I never dreamed of growing up to be a logger,either.I dreamed of going as far away from logging as possible. Part of being "all grown up" is learning how to put up with people's B.S. I didn't see anything remotely un-civil, just a little friendly banter.And you are correct, logging crew behavior is not for every place, because you aren't in near the danger in the office or living room as you are in the woods hanging a chainsaw into a tree.If I wanted to know more about a particular way to cut a tree or something, I'd sure rather take the razzing from a logger than anyone else in order to learn a better way to do something that might even save my life.But that's just me.And fart jokes aren't nearly as funny as the fart, itself.


----------



## Steve NW WI (Sep 25, 2012)

There's some good advice in this thread, and some that's a little shaky. Randy may be an arrogant SOB, but those willing to listen will learn a thing or 60 from him (and Gologit as well). I'm glad to see them over here watching what us firewooders are up to.

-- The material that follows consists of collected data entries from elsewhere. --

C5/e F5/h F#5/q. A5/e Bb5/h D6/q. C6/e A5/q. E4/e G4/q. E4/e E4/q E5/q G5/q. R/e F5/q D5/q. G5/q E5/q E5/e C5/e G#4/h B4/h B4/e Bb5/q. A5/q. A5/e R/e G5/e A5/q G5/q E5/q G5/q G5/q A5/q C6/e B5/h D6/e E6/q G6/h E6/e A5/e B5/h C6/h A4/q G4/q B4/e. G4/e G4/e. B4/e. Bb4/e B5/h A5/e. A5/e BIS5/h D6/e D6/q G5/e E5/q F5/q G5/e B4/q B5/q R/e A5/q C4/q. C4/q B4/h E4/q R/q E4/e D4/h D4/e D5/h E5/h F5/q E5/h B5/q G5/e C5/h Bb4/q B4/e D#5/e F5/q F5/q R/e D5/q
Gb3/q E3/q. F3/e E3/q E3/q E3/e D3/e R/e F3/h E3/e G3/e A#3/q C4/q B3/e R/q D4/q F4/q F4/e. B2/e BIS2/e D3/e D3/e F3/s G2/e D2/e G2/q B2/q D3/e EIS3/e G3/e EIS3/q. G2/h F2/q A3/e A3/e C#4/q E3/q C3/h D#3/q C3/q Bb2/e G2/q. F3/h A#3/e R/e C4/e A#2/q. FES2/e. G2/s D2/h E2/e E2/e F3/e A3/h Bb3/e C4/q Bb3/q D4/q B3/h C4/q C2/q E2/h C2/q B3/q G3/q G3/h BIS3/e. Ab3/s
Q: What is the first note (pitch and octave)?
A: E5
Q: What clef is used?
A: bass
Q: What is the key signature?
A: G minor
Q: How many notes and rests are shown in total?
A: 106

For those that want to learn a bit more on how to put em on the ground without getting put in the ground yourself, I suggest getting a good book or two:

Bailey's - Professional Timber Falling by Douglas Dent Professional Timber Falling by Douglas Dent

Bailey's - To Fell a Tree by Jeff Jepson - Second Edition To Fell a Tree by Jeff Jepson

I have the second book, and will be ordering the first one with my next Bailey's order. Nothing beats firsthand training, but that's not always an option. Remember, advice over the internet is worth exactly what you paid for it.


----------



## redoakneck (Sep 25, 2012)

redheadwoodshed said:


> I never dreamed of growing up to be a logger,either.I dreamed of going as far away from logging as possible. Part of being "all grown up" is learning how to put up with people's B.S. I didn't see anything remotely un-civil, just a little friendly banter.And you are correct, logging crew behavior is not for every place, because you aren't in near the danger in the office or living room as you are in the woods hanging a chainsaw into a tree.If I wanted to know more about a particular way to cut a tree or something, I'd sure rather take the razzing from a logger than anyone else in order to learn a better way to do something that might even save my life.But that's just me.And fart jokes aren't nearly as funny as the fart, itself.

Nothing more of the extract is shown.